Das writes without a comedy ideology — he’ll talk about sex, racism, history, politics, and Parle-G in one breath — combining his North Indian Delhi boy roots with the sophistication of a South Bombay socialite. He can simultaneously speak to and about American audiences. A trademark Vir Das joke is an exercise in storytelling, featuring tongue-in-cheek humor with vivid imagery. Das is funny because he isn’t above making fun of everyone (he mocks Indians as much as he takes a dig at the West) — including himself. When he explains his decision to act in Mastizaade (2016), a sex comedy film panned across India, he shared how it was good money and gave him the opportunity to act opposite Indian Canadian actor Sunny Leone. It would earn him bragging rights with his future kids, he says. Das would tell them that she’s intelligent, talented, beautiful, down-to-earth, and an entrepreneur. “Which is why when the movie came out, nobody got mad at her.

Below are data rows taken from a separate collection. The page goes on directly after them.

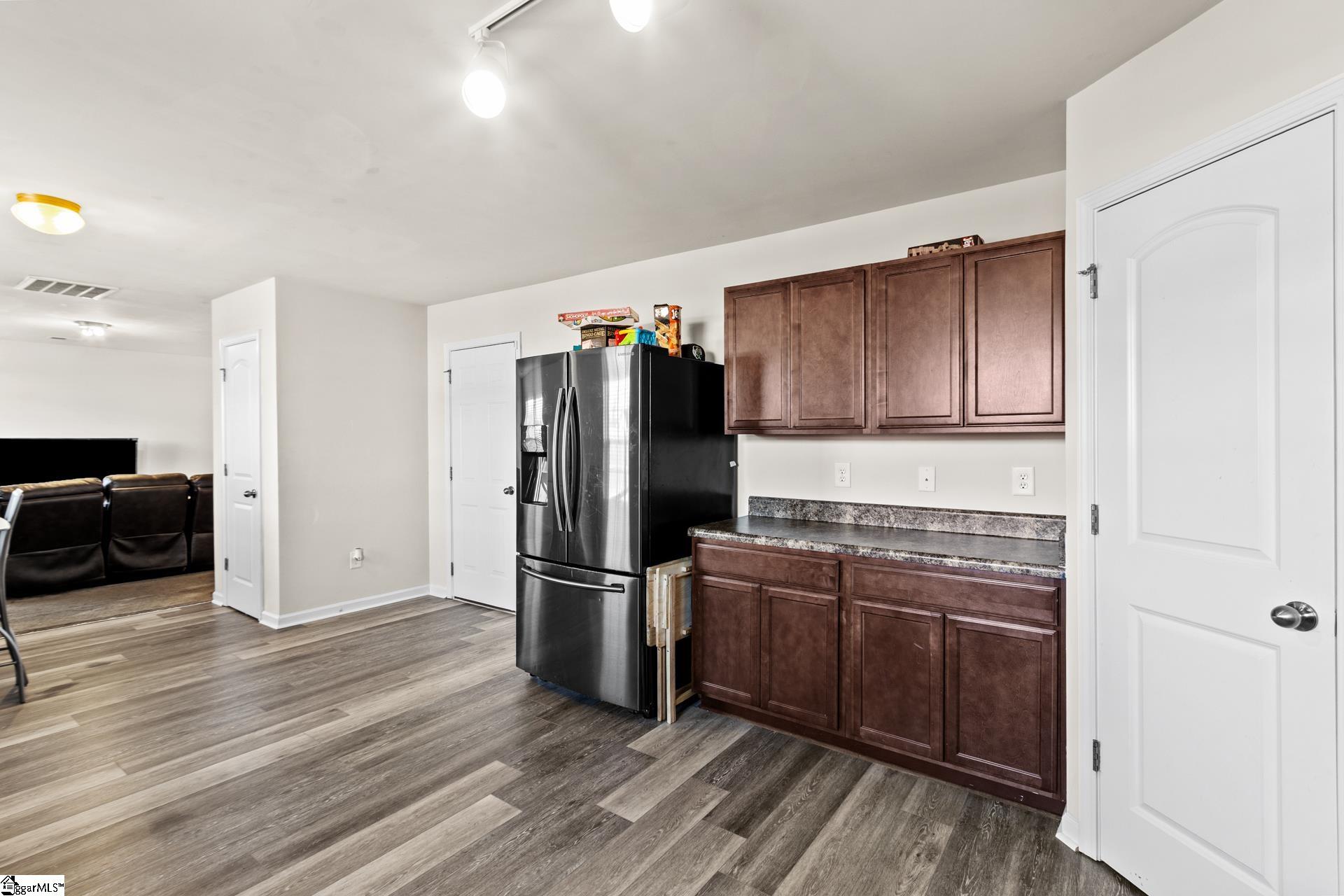 43 Jones Creek Circle Greer, SC 29650 - Photo 5 of 40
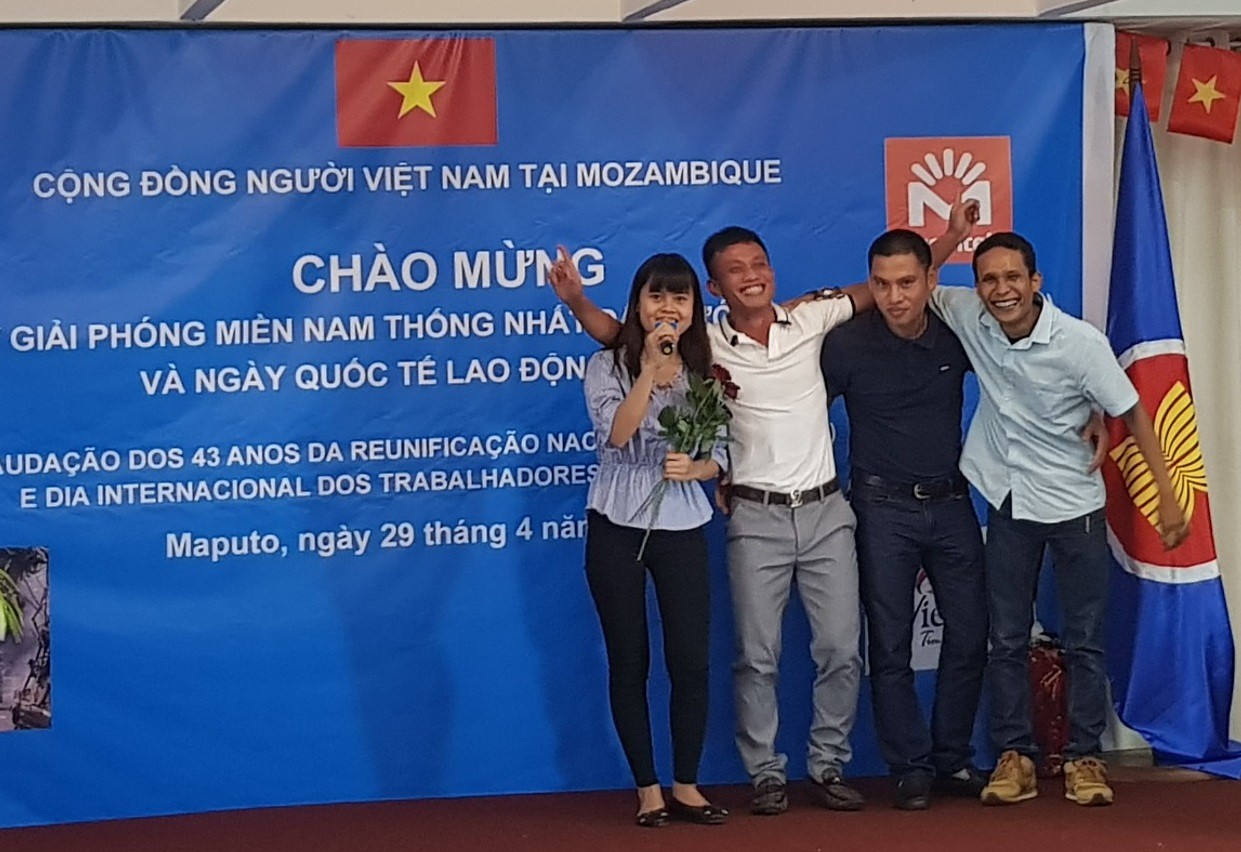​Người Việt kỷ niệm ng&agrave;y Thống nhất đất nước tr&ecirc;n khắp thế giới - Ảnh 4.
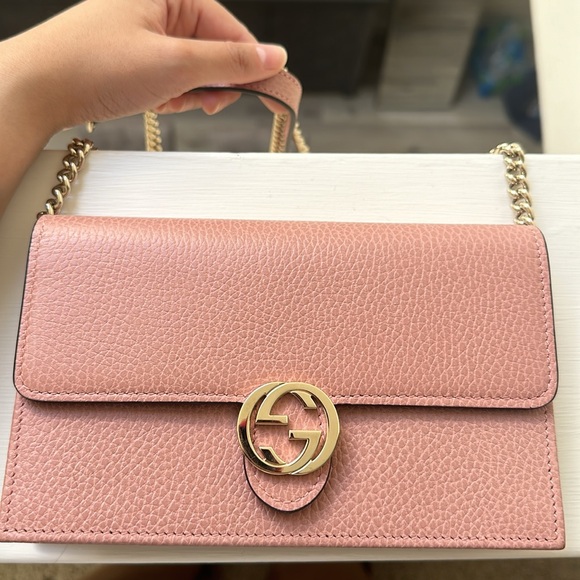 Gucci Pink Leather Interlocking G Wallet on Chain - Picture 3 of 6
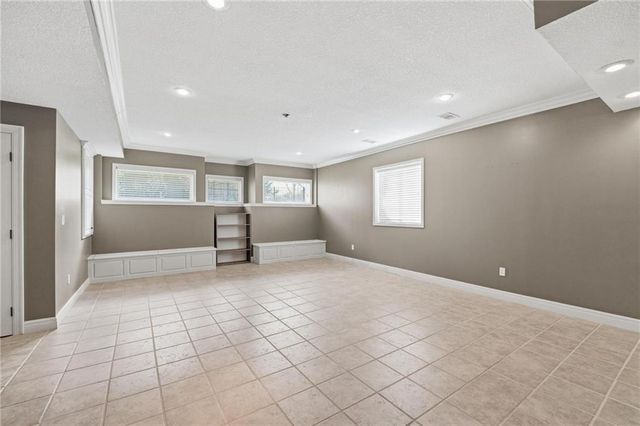 5201 W 164th Street, Overland Park, KS 66085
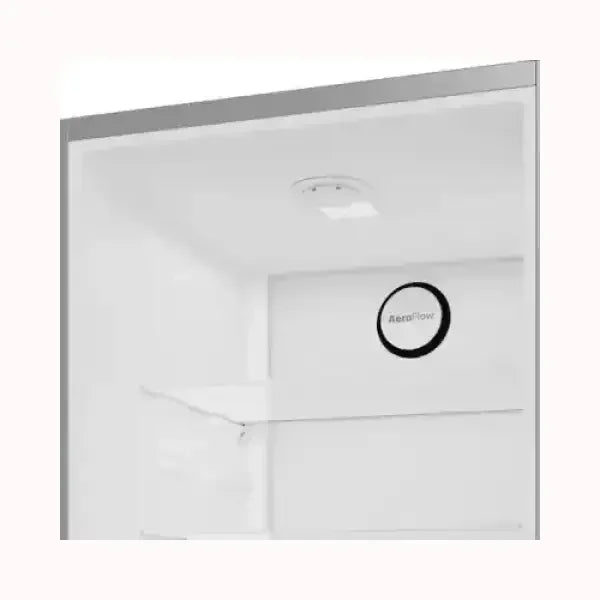 Interno frigorifero BEKO con sistema AeroFlow e ripiani trasparenti per conservazione alimenti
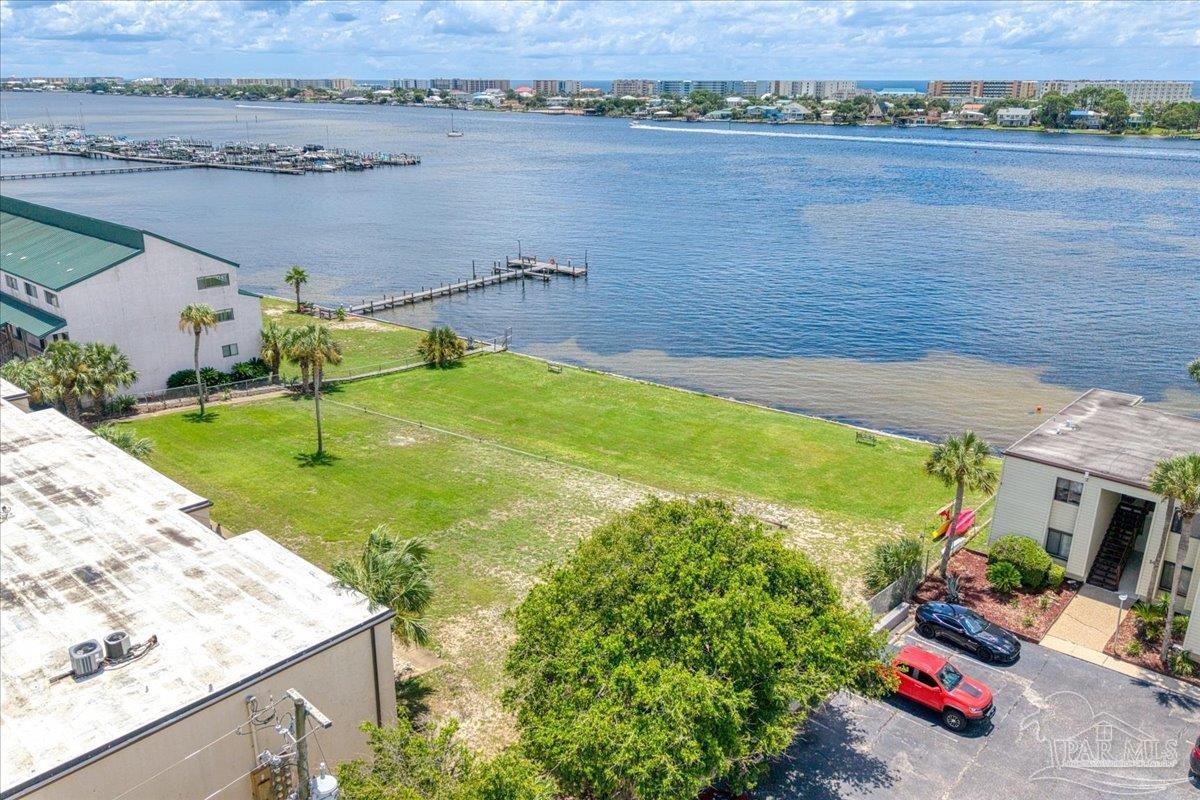 300 NW Miracle Strip Pkwy S.w. # 3b Ft Walton Beach FL 32548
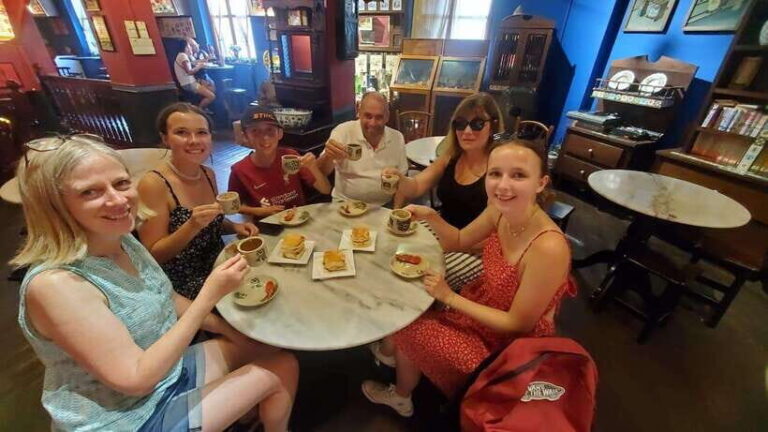 Singapore: Chinatown Hawker Guided 8-Dish Tasting Tour - Who Should Sign Up?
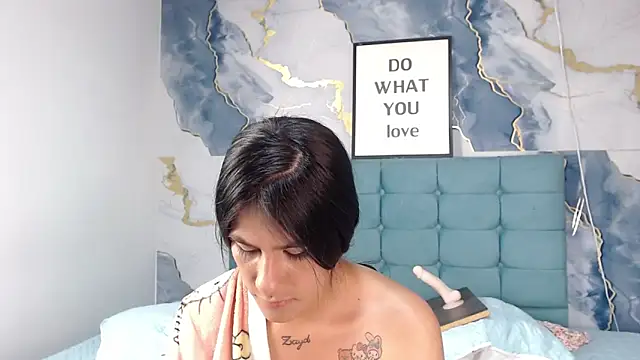 ailyn-45 Show in webcam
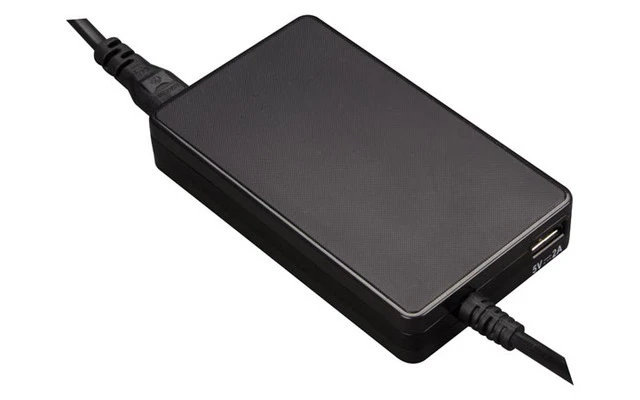 MINI ADAPTADOR DE RED UNIVERSAL PARA NOTEBOOK - SALIDA 19 VDC - 4.74 A MÁX. (90 W) + USB 2.1 A -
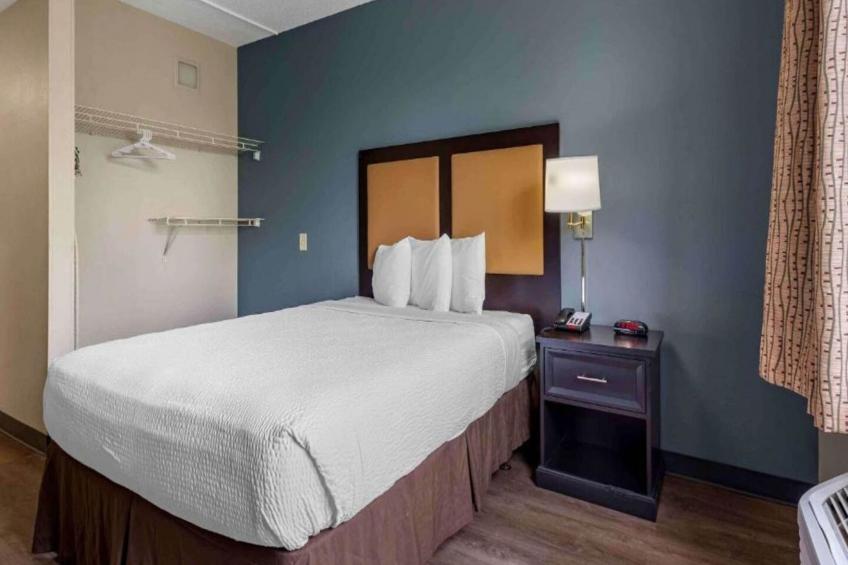 1 Queen Bed | Non-Smoking, Kitchen - foto 9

Everybody got mad at…me,” he concluded.
A few months after the special aired, Variety included Das in their 2017 list of “10 Comics to Watch,” alongside Tiffany Haddish and Hasan Minhaj. That same year, he was the first Indian comedian to appear on Late Night with Conan O’ Brien, where he presented a segment called “News from the Rest of the World.” In 2019, he made his U.S. television debut with a role in Whiskey Cavalier, and performed at the New York Comedy Festival in a lineup that included Bill Maher, Trevor Noah, and Stephen Colbert. Last year, Jerry Seinfeld dubbed Das a “pretty funny guy.”
Today, Das, India’s highest-selling comedian, is the only Indian comedian who can boast of having four Netflix specials to his name. He has also created and starred in shows Jestination Unknown (2019) and Hasmukh (2020). And Das began this year by joining the cast of The Bubble, filmmaker Judd Apatow’s widely anticipated new Netflix film. Das — already a phenom in India — now has a big shot at American stardom. But it has been years in the making.